Karirnya bermula dari
mengikuti festival Lagu Pop Nasional pada tahun 1975, meskipun saat itu dia
harus mengakui keunggulan Melky Goslow, namun lengkingan suaranya yang mengalun
dalam festival tersebut telah membuka hati Rinto Harahap untuk menggarapnya.

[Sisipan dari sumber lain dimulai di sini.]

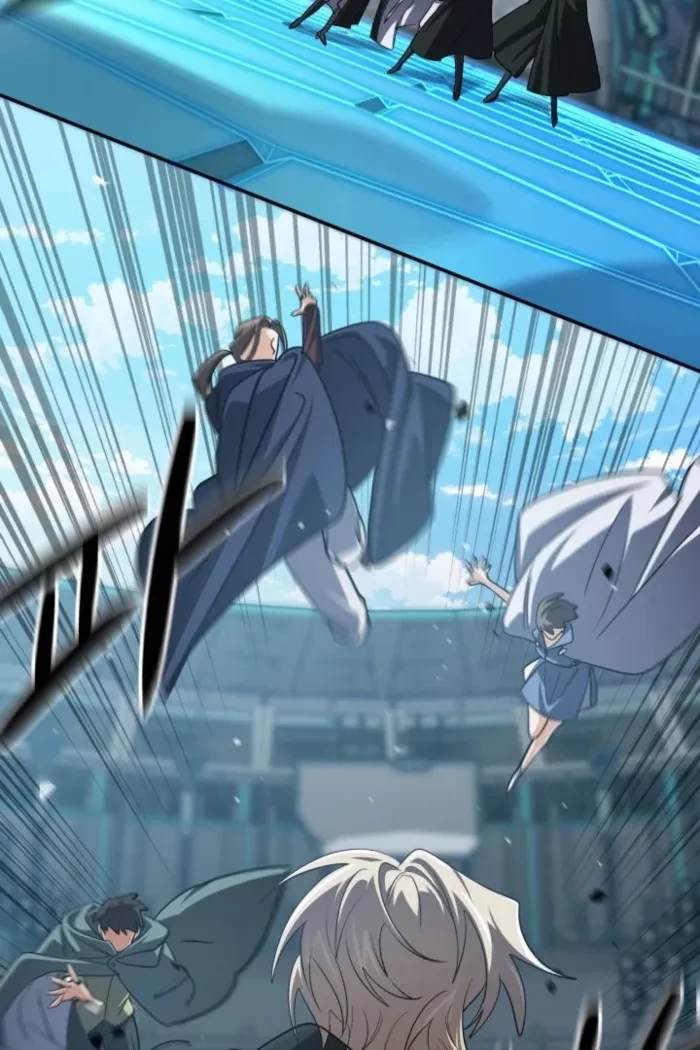 The Return of the Mythical Archmage Chapter 83 - 64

Setahun kemudian Rinto mempercayakannya untuk membawakan lagu Biarlah Sendiri,
dan Eddy berhasil dengan baik, mendapat sambutan dari pasar dan dikerubungi
oleh banyak penggemar, diapun mulai menjadi seorang penyanyi yang
diperhitungkan.
Nama besar Eddy
Silitonga sempat bertahan dalam rentang waktu antara 1976 sampai 1980, suaranya
terdengar dimana-mana, lewat lagu-lagu Pop Biarlah Sendiri, Ayah (ciptaan Rinto
Harahap), Kini Kusadari (Barthe Van Houten), Mama (Murry Koesplus), Jatuh Cinta
(Titiek Puspa), Mimpi Sedih (A. Riyanto) dan lain-lain. Waktu itu hampir tidak
ada ruang dan waktu yang tidak diisi oleh suara Eddy Silitonga, bahkan gaya
Jenggot kecil dibawah bibirnya menjadi trend bagi anak-anak pada masa itu.
Eddy juga menyanyikan
lagu-lagu Batak diantaranya Anjua-U, Alusiau, Inang, dan dia juga berhasil
menyanyikan lagu-lagu daerah dengan baik seperti lagu Lancang Kuning (Riau),
Ubek Kan Denai (Minang) Romo Ono Maling (Jawa) Ndung Ku (Muara Enim) dan banyak
lagi lagu daerah lainnya. Pada pertengahan 80an,
kejayaan Eddy sempat
meredup, dan bertahun-tahun setelah itu suaranya seperti menghilang diangkasa
industri musik negeri ini. Namun bukan berarti orang telah melupakannya dan ini
terbukti ketika ia tampil kembali ditahun 87, sambutan dari para penikmat musik
masih memberinya ruang untuk tarik suara, bahkan pada tahun itu juga dia
diundang manggung bersama Emiliya Contessa dinegara jiran Malaysia.